So, this is the best ice cream I’ve ever made.
Nick Morganstern is an ice cream whisperer. He has tinkered with every aspect of his recipe: the sugar, the fat, the eggs, the churning method, even the serving temperature. The result is perfect. Back in the day, you could get a Morganstern scoop from the little cart outside Goat Town, in the East Village.
Now, Goat Town is closed. To get Morganstern’s ice cream, you’ve got to make your way to Soho, to his new ice cream parlor – yes, black-and-white tile and chef’s hats, it is a parlor – called Morganstern’s Finest.
Back when Goat Town still had an ice cream cart out front, when Gilt Taste was still a thing, Melissa Clark went down to Goat Town and coaxed Nick Morganstern to tell her all his secrets, on camera. She learned about how he caramelized the sugar for his ice cream base. She discovered, with some surprise, that he skipped the eggs entirely. And then she tried his ice cream on video, and seriously, I had to hold myself back from ripping through the screen of my computer to take a lick.
Now Gilt Taste is gone, too, and Melissa told me sadly that so was the video. But I am a crazy stalker lady, and I really wanted to make this ice cream. Also, I wanted to watch the video again. Lucky me: The video still exists. The great cyber archive is worth something after all!
I watched the video more than a couple times, scrawled a few learning notes in my recipe notebook, put all my eggs back into the fridge, and set out to copy the master. Fortunately, an old one of Melissa’s columns offered a couple of tips and some basic proportions to get me started. I knew that Morganstern swears by powdered milk, but I know nothing about the proportions he uses. Easy enough: I skipped it, with Melissa’s permission.
The rest was pretty straightforward. Ultimately, hacking the perfect eggless chocolate ice cream wasn’t as hard as I expected it to be: it worked on my first try. What’s in the tupperware in my freezer is creamy and custardy. It is smooth and silky, with not an ice crystal in sight. It is as chocolatey as anything can be without being one of those unsweetened chocolate bars. It also has citrus notes, which Melissa pointed out on camera and Nick attributed to the mint, but I think it’s because of that dark amber caramel, which often tastes a bit like lemon zest when it’s made well.
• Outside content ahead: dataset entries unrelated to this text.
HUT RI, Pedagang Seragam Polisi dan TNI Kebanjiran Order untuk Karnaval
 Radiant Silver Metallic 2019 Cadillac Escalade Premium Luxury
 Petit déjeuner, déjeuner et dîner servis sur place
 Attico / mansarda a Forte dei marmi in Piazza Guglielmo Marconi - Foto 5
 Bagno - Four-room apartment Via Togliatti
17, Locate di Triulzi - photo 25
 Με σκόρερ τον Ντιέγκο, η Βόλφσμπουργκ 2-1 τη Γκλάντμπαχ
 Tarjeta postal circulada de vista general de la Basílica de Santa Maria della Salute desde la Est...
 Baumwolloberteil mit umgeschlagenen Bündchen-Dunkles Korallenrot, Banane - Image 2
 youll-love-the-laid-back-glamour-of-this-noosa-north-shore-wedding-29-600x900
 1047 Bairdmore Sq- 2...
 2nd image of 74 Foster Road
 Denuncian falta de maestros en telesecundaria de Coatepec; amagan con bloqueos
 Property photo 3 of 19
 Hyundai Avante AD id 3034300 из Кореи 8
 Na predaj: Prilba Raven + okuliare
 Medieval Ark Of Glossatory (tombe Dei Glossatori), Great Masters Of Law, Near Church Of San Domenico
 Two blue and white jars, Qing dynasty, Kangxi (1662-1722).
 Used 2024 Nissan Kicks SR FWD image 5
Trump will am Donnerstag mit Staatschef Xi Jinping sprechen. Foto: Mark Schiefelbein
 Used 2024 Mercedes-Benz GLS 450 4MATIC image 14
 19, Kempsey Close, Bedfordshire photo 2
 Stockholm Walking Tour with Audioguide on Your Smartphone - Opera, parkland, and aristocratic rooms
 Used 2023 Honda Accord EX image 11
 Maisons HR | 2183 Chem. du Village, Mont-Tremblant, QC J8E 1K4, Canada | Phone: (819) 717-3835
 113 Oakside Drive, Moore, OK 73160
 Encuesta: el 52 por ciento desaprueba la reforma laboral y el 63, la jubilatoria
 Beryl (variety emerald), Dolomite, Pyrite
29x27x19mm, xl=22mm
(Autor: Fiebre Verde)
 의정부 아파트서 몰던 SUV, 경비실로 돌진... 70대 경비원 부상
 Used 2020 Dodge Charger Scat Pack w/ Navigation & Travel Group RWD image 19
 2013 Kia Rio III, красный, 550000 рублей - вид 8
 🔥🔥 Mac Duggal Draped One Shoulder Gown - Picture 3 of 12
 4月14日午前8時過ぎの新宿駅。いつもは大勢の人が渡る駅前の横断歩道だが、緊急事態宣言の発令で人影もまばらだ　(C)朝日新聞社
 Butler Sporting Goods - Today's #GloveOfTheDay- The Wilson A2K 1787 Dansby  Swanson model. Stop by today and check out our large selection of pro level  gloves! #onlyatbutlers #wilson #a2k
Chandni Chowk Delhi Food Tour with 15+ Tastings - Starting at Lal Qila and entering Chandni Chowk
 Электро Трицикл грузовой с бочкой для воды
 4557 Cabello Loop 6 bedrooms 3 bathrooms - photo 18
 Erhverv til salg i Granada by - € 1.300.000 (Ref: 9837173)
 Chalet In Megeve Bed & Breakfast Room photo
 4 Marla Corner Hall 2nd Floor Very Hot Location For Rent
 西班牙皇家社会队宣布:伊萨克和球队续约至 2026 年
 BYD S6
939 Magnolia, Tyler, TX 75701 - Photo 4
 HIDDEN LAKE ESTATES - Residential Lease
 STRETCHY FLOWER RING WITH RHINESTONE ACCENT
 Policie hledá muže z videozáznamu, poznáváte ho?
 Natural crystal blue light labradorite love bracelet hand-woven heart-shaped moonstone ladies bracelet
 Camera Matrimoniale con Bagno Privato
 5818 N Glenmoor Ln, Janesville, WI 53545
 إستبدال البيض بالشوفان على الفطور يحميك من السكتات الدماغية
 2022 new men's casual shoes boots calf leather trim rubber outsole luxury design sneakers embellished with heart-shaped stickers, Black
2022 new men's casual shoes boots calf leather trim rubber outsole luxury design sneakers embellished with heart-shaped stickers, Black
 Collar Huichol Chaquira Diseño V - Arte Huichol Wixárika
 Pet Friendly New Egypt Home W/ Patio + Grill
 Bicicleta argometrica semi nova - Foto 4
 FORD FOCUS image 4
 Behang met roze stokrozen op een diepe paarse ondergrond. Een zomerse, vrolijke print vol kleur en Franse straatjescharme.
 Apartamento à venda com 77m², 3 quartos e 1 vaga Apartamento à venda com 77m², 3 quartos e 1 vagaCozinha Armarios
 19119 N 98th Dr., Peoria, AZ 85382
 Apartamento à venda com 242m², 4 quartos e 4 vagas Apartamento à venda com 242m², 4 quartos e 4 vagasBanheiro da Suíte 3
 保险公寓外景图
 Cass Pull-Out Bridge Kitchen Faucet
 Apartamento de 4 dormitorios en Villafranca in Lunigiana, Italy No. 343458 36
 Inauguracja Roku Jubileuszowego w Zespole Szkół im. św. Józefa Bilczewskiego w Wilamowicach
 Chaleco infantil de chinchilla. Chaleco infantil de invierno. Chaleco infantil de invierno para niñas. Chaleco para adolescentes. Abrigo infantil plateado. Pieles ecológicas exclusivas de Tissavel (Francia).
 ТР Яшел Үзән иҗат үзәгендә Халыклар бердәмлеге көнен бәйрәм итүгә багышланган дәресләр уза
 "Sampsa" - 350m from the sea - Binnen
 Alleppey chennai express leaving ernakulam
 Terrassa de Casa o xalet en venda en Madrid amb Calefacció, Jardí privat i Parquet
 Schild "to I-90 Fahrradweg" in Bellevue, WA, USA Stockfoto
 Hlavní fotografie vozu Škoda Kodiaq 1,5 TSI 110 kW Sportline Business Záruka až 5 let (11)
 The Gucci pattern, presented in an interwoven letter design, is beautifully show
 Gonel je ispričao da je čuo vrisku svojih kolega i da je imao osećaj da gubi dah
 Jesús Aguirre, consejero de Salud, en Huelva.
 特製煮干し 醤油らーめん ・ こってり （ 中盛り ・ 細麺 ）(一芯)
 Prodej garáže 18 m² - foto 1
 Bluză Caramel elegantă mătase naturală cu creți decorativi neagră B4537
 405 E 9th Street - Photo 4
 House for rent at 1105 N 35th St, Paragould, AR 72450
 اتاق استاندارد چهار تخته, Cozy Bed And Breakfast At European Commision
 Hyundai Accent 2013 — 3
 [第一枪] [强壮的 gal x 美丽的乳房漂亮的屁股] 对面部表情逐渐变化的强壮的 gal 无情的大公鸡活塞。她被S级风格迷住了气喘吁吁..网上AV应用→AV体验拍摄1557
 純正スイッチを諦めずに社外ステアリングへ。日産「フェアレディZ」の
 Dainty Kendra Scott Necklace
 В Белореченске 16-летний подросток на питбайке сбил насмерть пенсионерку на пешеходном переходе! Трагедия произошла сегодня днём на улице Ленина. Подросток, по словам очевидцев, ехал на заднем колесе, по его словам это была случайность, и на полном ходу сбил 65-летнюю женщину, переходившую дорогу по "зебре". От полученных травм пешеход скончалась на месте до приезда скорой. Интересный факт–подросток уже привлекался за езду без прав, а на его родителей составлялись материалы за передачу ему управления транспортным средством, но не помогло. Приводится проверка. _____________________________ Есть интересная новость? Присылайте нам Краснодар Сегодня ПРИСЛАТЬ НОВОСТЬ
Last but not least, it has no eggs. To those with a jar full of egg whites in the fridge and never enough yolks on hand, you get it: this is good news.
Thank you to Melissa Clark and to the defunct Gilt Taste. Thanks to Nick Morganstern and to Goat Town, which is no longer. Thanks to the rain in DC, for making my herbs explode and giving me an excuse to pick an entire bundle of mint. Mostly, thanks to the ingredients chocolate and cream, for being plenty thick and extremely delicious and pretty much perfect, just like this ice cream is.
Absolutely Perfect Bittersweet Chocolate Eggless Ice Cream
Developed with help from Nick Morganstern, via a Gilt Taste video, and Melissa Clark’s 2010 recipe in the NYT
Makes 2 pints
3/4 cup sugar
2 1/2 cups heavy (whipping) cream
1 1/4 cups milk
10 ounces bittersweet chocolate (preferably 72% cacao), chopped
pinch of salt
2 ounces fresh mint
Have everything measured, chopped, and ready to go before you start making this ice cream. This is especially important for the cream, since you’ll be using it to temper the caramel and need to have it available right when you need it.
Put sugar in a deep saucepan over medium heat. As the sugar melts, it will begin to clump; stir consistently, until it starts to feel like wet sand; the clumps will dissipate gradually.
Once the sugar has melted completely, continue cooking until it caramelizes to a deep, dark amber color, but not so long that it burns. When the sugar is there, pour half a cup of cream into the saucepan. It will bubble, then subside; stir constantly until the cream has incorporated. Add another 1/2 cup of cream, stirring constantly. Now the mixture should be liquidy enough that you can add all the remaining cream without the caramel separating.
Next, add the chocolate to the hot cream. Either mix with an immersion blender, or pour the mixture into a blender (in batches, so it doesn’t explode) and pulse until smooth. Add the mint, and blend until smooth. If you’re nervous about bits of mint remaining, feel free to strain the chocolate mixture. Pour the chocolate mixture back into the rest of the hot cream, add milk and salt, and stir until completely smooth. (At this point, you should have no issues with separation; however, if you do, you can always transfer the mixture into a food processor/blender or blend with an immersion blender.)
Transfer ice cream base to a large heat-safe bowl and transfer to the refrigerator to chill completely, at least overnight. When cold, pour into bowl of your ice cream machine and churn according to manufacturer’s directions. Transfer to a container and freeze until solid, at least 2 hours. Let sit at room temperature for 5 to 10 minutes before serving, or in refrigerator for 15 to 30 minutes.